1) dececsed a 's 2nd sons son  & a's daughters son  asking sepreate share in the property, since they are not parties in the sale deed
2) after 43 years sale &  i am in  possession , 
All these legal heirs have any legal rights in the property ? if so in which act they can claim their rights ?
Asked 2 years ago in Property Law from Bangalore, Karnataka
Religion: Hindu
1) if it was A self acquired property on his demise property would devolve on his legal heirs . 

2) you have not mentioned how property was mutated in A first son name . was consent obtained of his other son and daughter? 

3) grand children would not have any share in self acquired property of A . 

4) if it was ancestral property whatt were they doing for 43 years? 

5) delay in approaching courts has to be explained . 

6)claim appears to be barred by imitation 

7) consult a local lawyer 
Ajay Sethi
Advocate, Mumbai
44162 Answers
2561 Consultations

5.0 on 5.0

1. Unless the children of A can prove that the property was ancestral at the time of sale they cannot challenge the sale. If it was A's self acquired property then he was at liberty to sell it to anyone he desired.

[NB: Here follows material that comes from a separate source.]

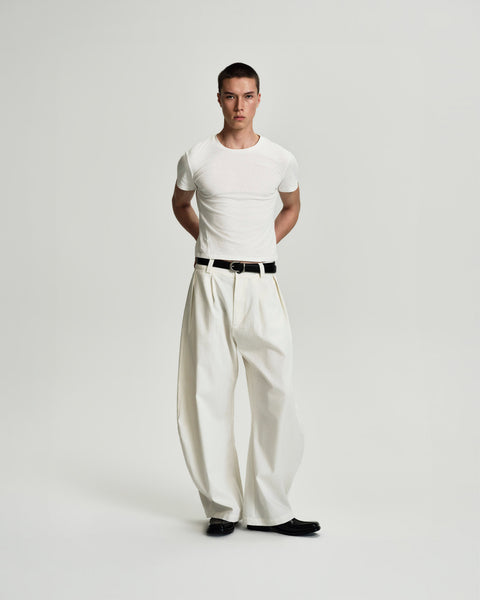 White_f642f12b-138b-4ed2-9b04-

2. If the property can be proved to be ancestral then the lapse of 43 years from sale does not preclude them from filing a suit to recover their share in the property subject to it being filed within 12 years from the date of knowledge of sale.
Ashish Davessar
Advocate, Jaipur
22958 Answers
631 Consultations

5.0 on 5.0

The 2nd son's son and a's daughter's son are just creating false claim. Absolutely no worries. 
As per your statement, the revenue records are bearing your father's name from 1972 and your name from 1995. 
you are in possession of the property. 
As per law, any transaction done 30 years before are deemed to be valid. in your case, your father is the owner as per sale deed, revenue records and has been the owner since 1972 and thereafter you are the owner of the property. 
Moreover in your case, legally, the 2nd son of A and A's Daughter   should have contested the title between 1961 to 1965(3year limitation) or if they were minor till 1972, they should filed a case within 3 years of they becoming major. 
in your case, it is A's 2nd son's son and A's daughter's son who are now filing a suit. the suit will fail on account of the following points :

a) Law of limitation. 
b) What the father(2nd son)/Mother(a's daughter) failed to do, their children cannot do (filing of suit against first son and your father way back in 1972 or 3 years after they(2nd son and A's daughter) became major. 
c) You are the owner  by virtue of a sale deed and all records are mutated in your name. You are in possession of the property for 43 years. even assuming you have no title, since you are in possession of the property for 43 years, as per law, you are in adverse possession. 
Hence you can be rest assured of your title and ownership.
Rajgopalan Sripathi
Advocate, Hyderabad
1261 Answers
154 Consultations

5.0 on 5.0

Property that is sold 43 years ago, grand children of A asking for separate share in the property is totally illegal and wholly uncalled for. They have absolutely no right whatsoever. You are not inclined to give them anything at all.
You being in possession is good, this possession is uninterrupted from the time of transfer into your name.
The legal heirs are claiming under the Hindu Law of Succession, claiming it to be the ancestral property.
Kiran N. Murthy
Advocate, Bangalore
987 Answers
86 Consultations

5.0 on 5.0

Hi, A's 1st Son and his two sons being the Kartha of the property has sold the property for legal necessity and family benefit so you need not give share to them.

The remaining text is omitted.